The Exemplary Courage of Obediah Holmes


In 1651, in Lynn, Massachusetts, Obediah Holmes and several others gathered in a man’s home for a small worship service. Even though European immigrants were fleeing religious persecution by coming to North America, they still brought with them much of the established expectations of Church/state relations. Obediah and his friends were Baptists, and this put them at odds with the established Church. Their worship service was private but it was not secret, and it was illegal.

Not long into their service, constables broke in and arrested three of the men…
That same day the three men were forced to attend a service in the established church of their day. The men quietly protested by keeping their hats upon their heads, but the constables knocked their hats off by force. One of the arrested men attempted to preach to the congregation, and that is when the constables took them away to prison.

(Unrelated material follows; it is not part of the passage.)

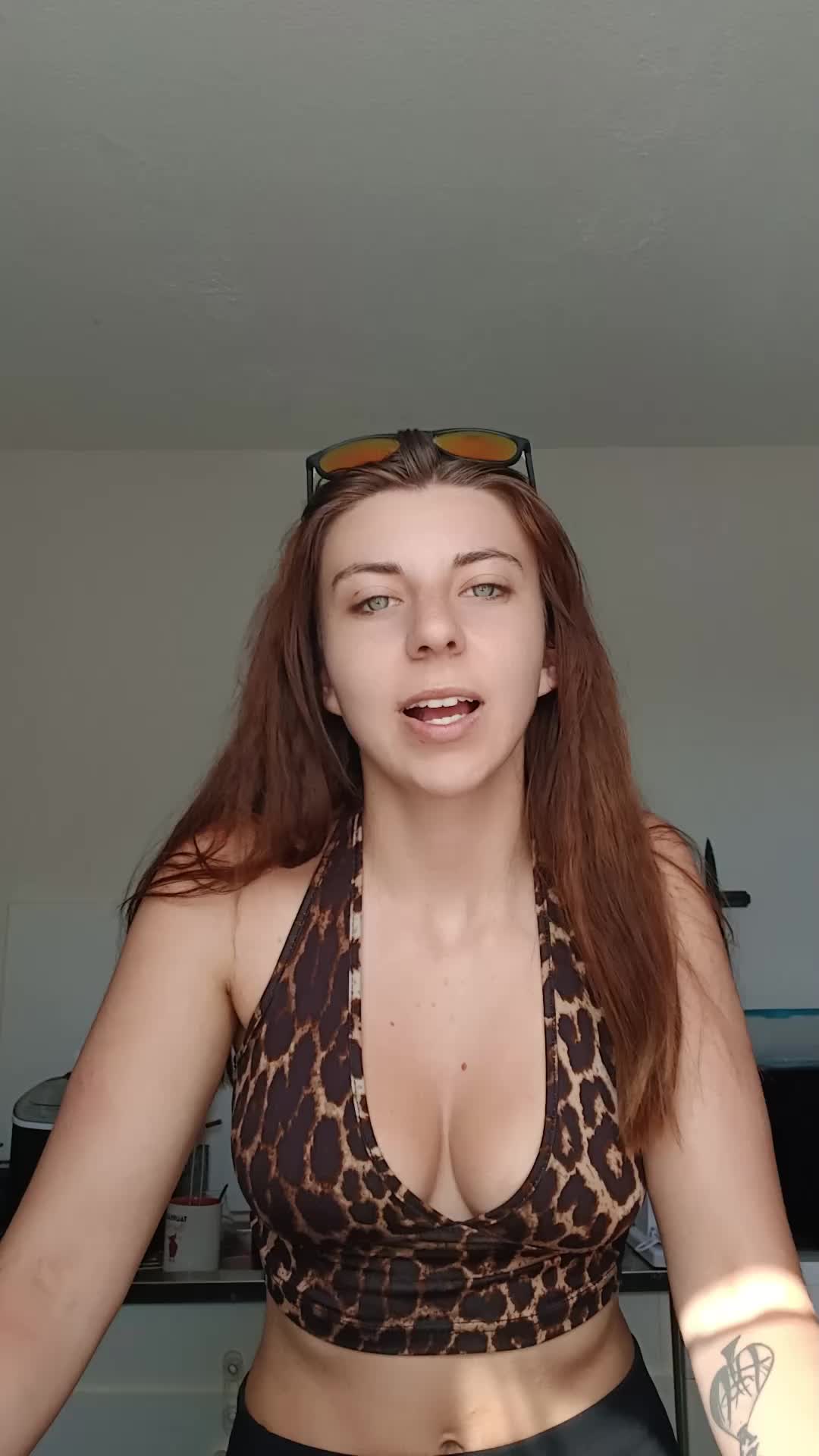 @emybrm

When their court date arrived, even though the men capably defended their beliefs and actions, there was merely a reading of the charges and an issuing of their sentence. The three men were ordered to pay a fine or endure a severe beating at the whip-wielding hands of an executioner. 40 lashes were equal to a death sentence, and the men were threatened with 30. People raised money to pay their fines, and one man welcomed the payment immediately.

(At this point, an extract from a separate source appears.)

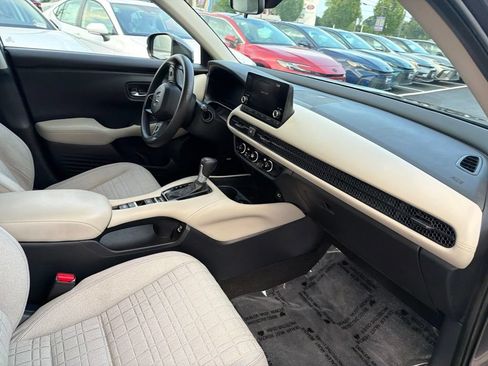 Used 2023 Honda HR-V LX image 10
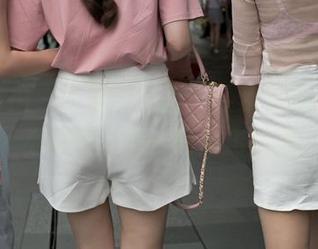魔镜街拍 - 凯恩的写真：让我们在“雨季不再来”中一同放飞自我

Pastor John Clarke and Obediah Holmes were led to the whipping post, and on the way there someone forced Clarke’s captors to take payment for his fine. Holmes also received compassion from those who offered to pay his fine, but he refused the payment to be made. He said that payment would be an admission of guilt, and he was not willing to admit wrongdoing of any kind.

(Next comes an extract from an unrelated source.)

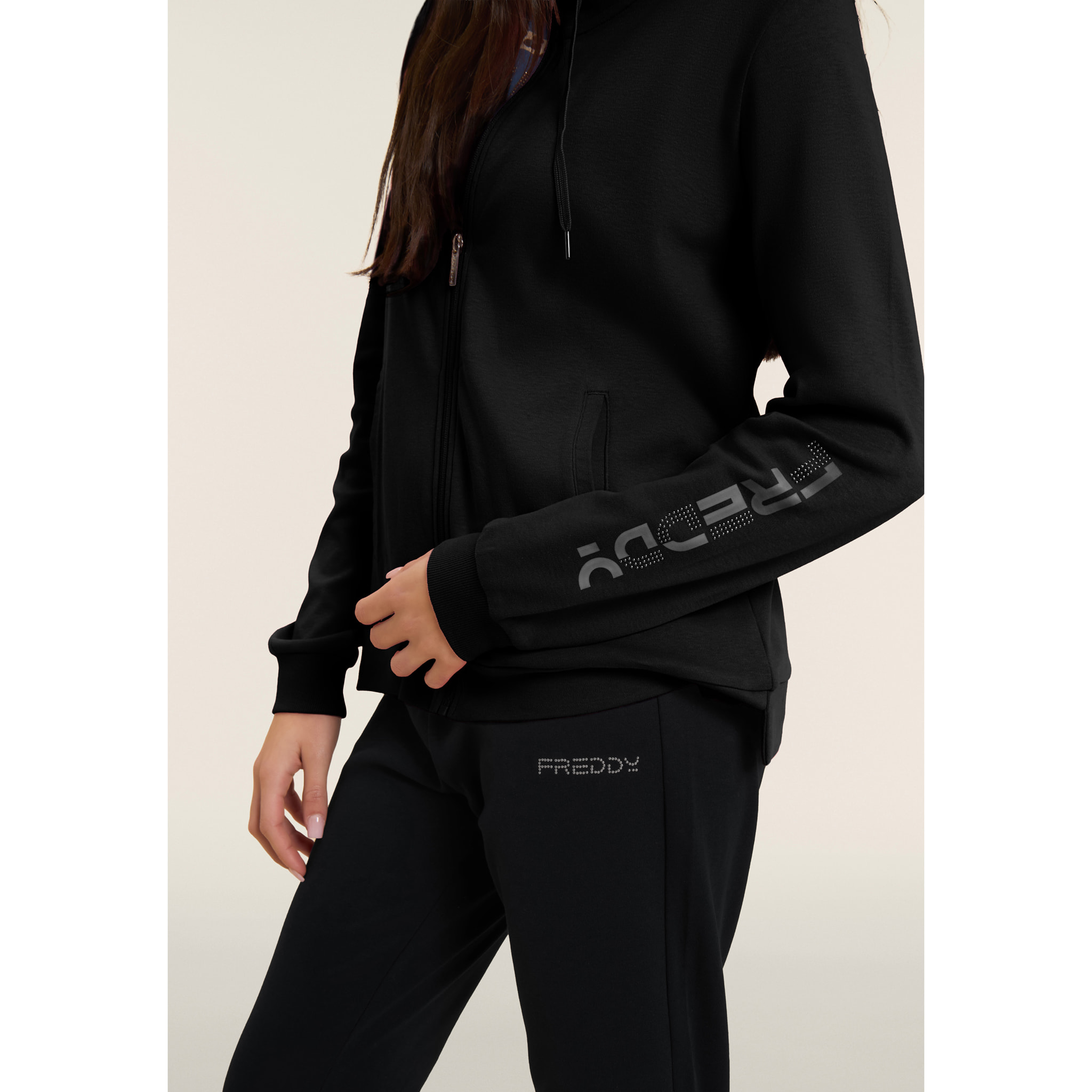 Tuta con zip e collo alto, logo con perline sulla manica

Having his shirt removed and being tied to the post, Holmes exhorted the onlookers to cling to Christ and remain true to Him and to His Word in the face of any opposition. The flogger stopped 3 times during the beating to rest his arm for a moment and regain a better grip for maximum force. Holmes’ was beaten mercilessly, and yet he found strength to audibly thank God for being with him in his suffering as well as ask that God not lay the sin of such a scourging upon the ones inflicting it.

When all was done, Holmes’ body was a mess, but his spirit was unbroken. As he was being untied from the bloody post, he said to the magistrates, “You have beaten me as with roses.”

Holmes’ display of obedient subversion (neither weakening in his convictions, nor rallying anyone to mutiny) was an exemplary call to live as a Christian witness under the authority which God has delegated. We are not revolutionaries; we are ambassadors of the true and rightful King.